**** GIVEN DATA

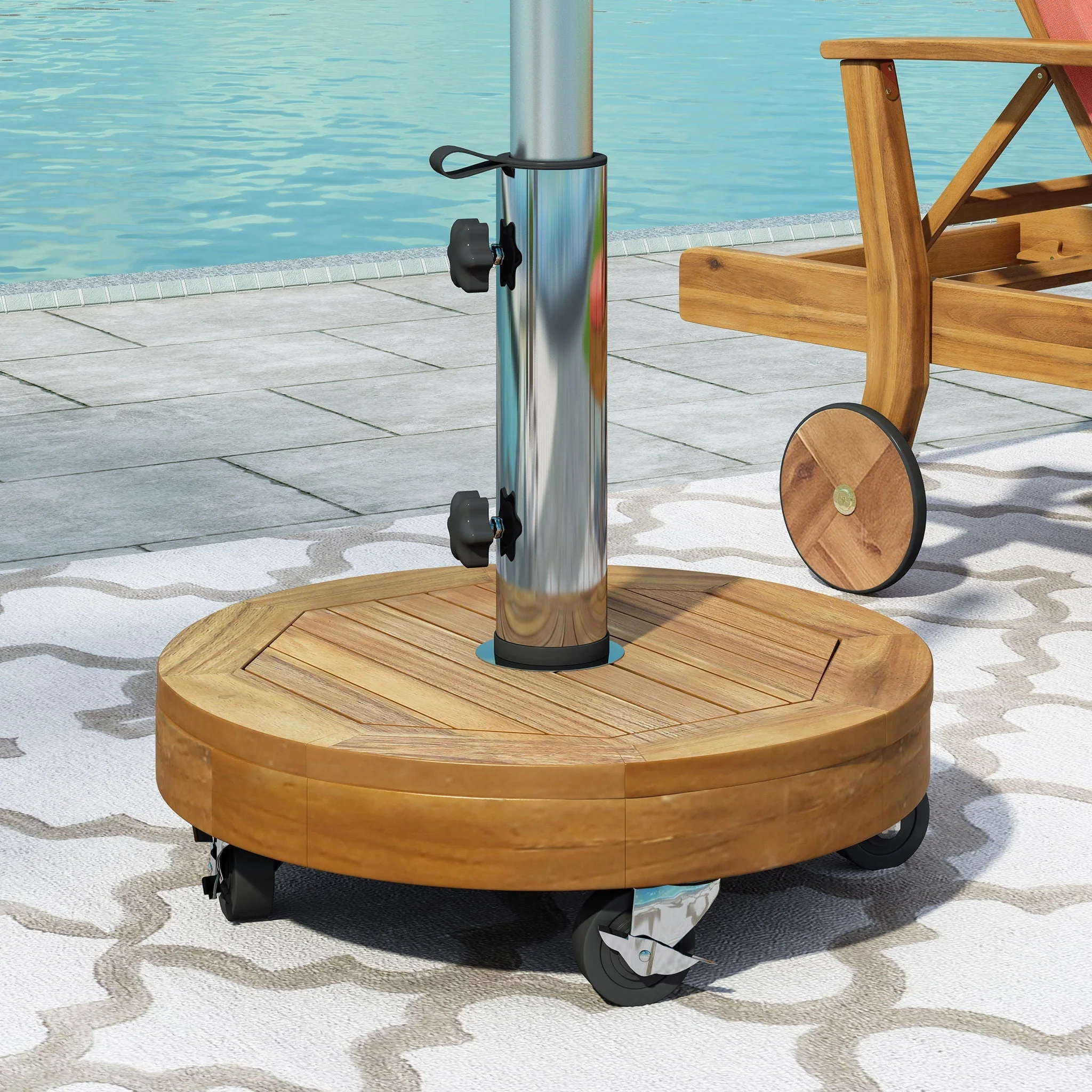 Ralph Round Umbrella Base - Teak - Image 4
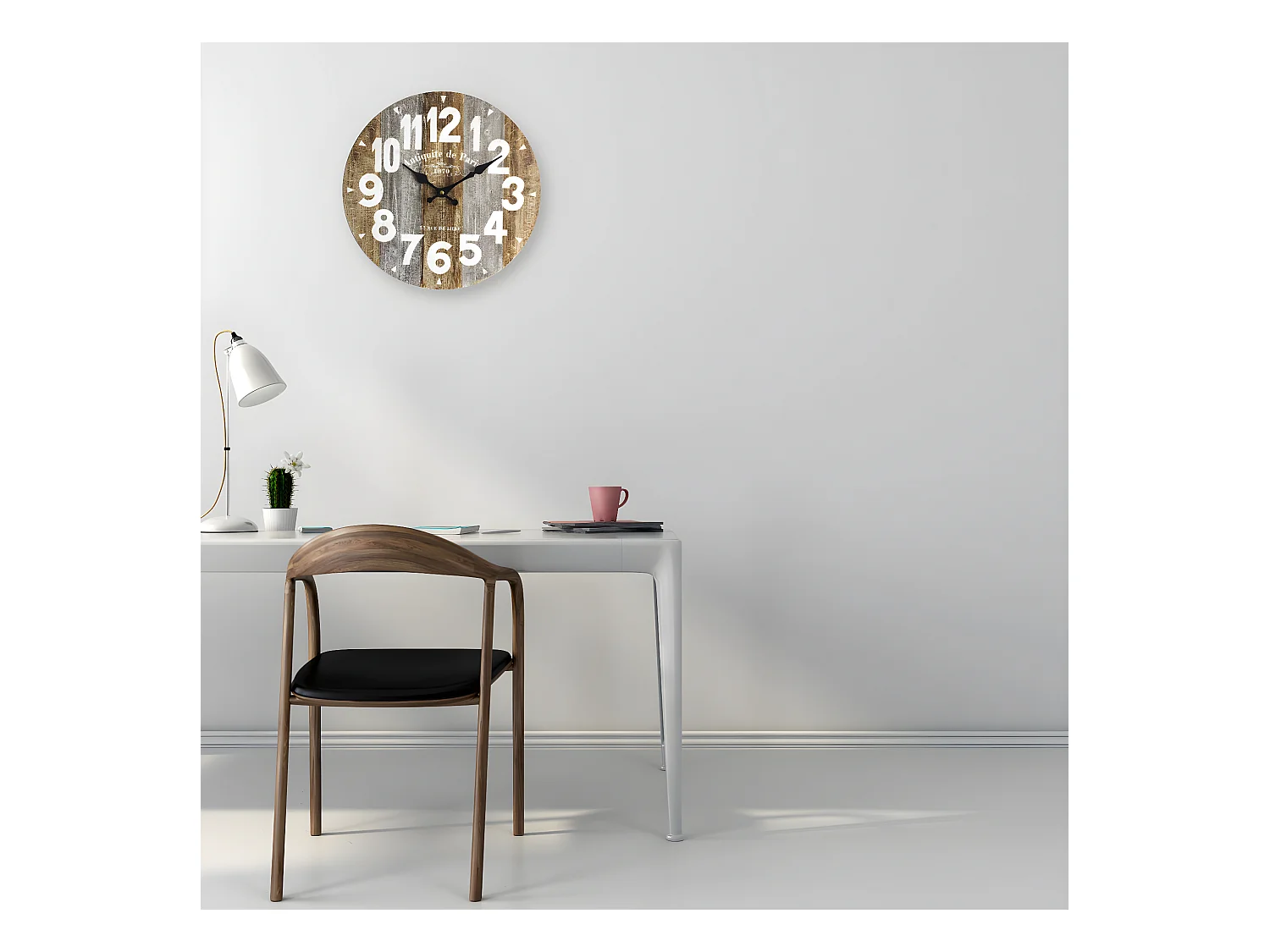 Orologio A Parete Orologi Vintage Rustico Legno 34x34x4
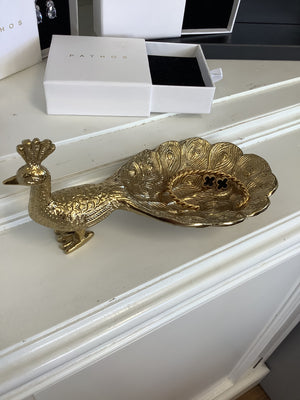 Gold Peacock Trinket Dish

********

PROBLEM STATEMENT
Return the material in full and unaltered, minus its pictures.

OUTPUT
 Ralph Round Umbrella Base - Teak - Image 4
 Orologio A Parete Orologi Vintage Rustico Legno 34x34x4
 Gold Peacock Trinket Dish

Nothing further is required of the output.